Thanks to all so far. The drawing by Insightful represents what I am planning. I reasoned that lifting one the end of the ladder 72 lb (100") would require 36lbs. This seemed to be supported by an answer elsewhere on the forum https://www.physicsforums.com/threads/lifting-one-end-of-a-beam.151526/#post-1214130. What I'd like to know is how to calculate the lbs of lift required when I attach at the midpoint (50") as drawn by Insightful rather than at 100".

12. Dec 5, 2015

### Staff: Mentor

As you move the tie point closer to the hinge, the load on the rope increases. Is there a reason that you don't want to attach the rope to the lowest point on the ladder?

13. Dec 5, 2015

Yeah, the size of the hole in the ceiling... about 54"

14. Dec 5, 2015

### insightful

Well, you calculate it by what's called a "free-body diagram" of the ladder, with x-y forces at the top pin and middle ropes, and just a vertical (y) force at the bottom. Since the ladder as shown in the diagram is almost totally supported by the ropes, the force to lift the bottom off the floor is less than 5 lb.

15. Dec 5, 2015

Thank you... how much downward force is on the ropes supporting the ladder?

16. Dec 5, 2015

### Staff: Mentor

Ah, now that makes more sense.

17. Dec 5, 2015

### Staff: Mentor

The tension in the rope (and hence the force pulling on it) is the weight of the ladder being lifted, plus a component related to the sideways angle off of 90 degrees that the rope is angled to the pull. If you have a long rope pulling it up from a ways away, the total tension/force is very high. There is a large horizontal force needed to generate the small vertical force.
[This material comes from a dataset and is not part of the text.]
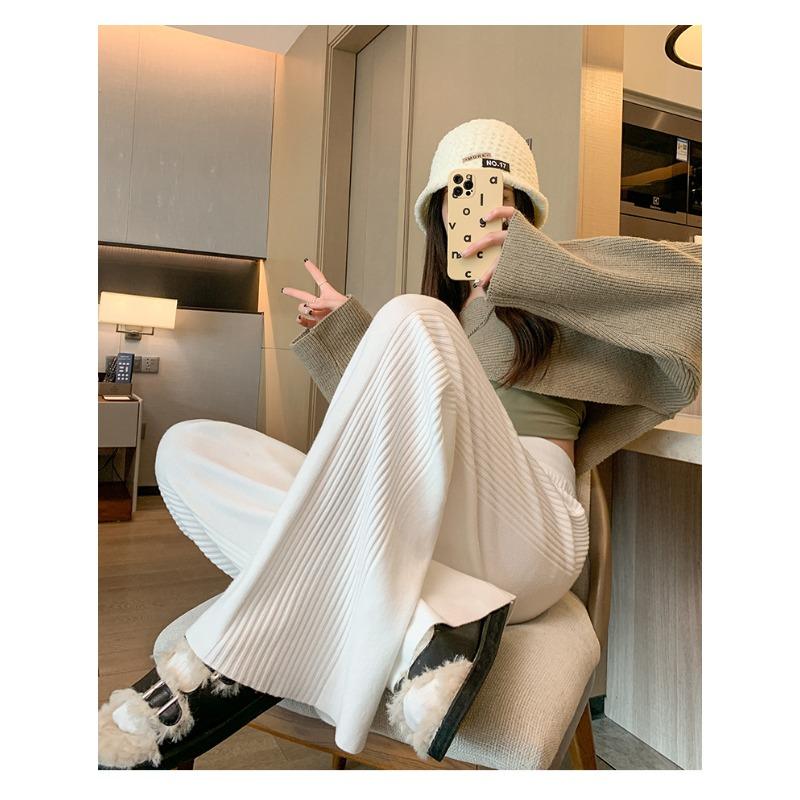 Knitted Wide-legged Trousers Women Autumn and Winter Thick Section Draped Loose Casual Trousers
If the rope is at a 90 degree andle to the ladder while pulling, then there is no extra force needed. Hence my initial comment about finding a compromise position for the pulley. Can you post a sketch of the setup? That would help us to show you the FBD that is needed to calculate the best compromise pulley location.

18. Dec 6, 2015

### insightful

The tension in each rope is simply the weight added to the end hanging down. In my diagram, that would be 36 lb tension in each rope.

19. Dec 8, 2015

### votingmachine

I did something similar to that with an actual staircase. I put the stairs onto garage door tracks and as the door swung shut the stairs simultaneously were sliding up the rails. When fully down, the stairs rested on the ground and an extra anchor at the top. I used counter weights to make the whole thing fairly easy to move.

The main reason to make it both swing and ride the rails up was to allow me to use a smaller opening length than the stair/ladder length.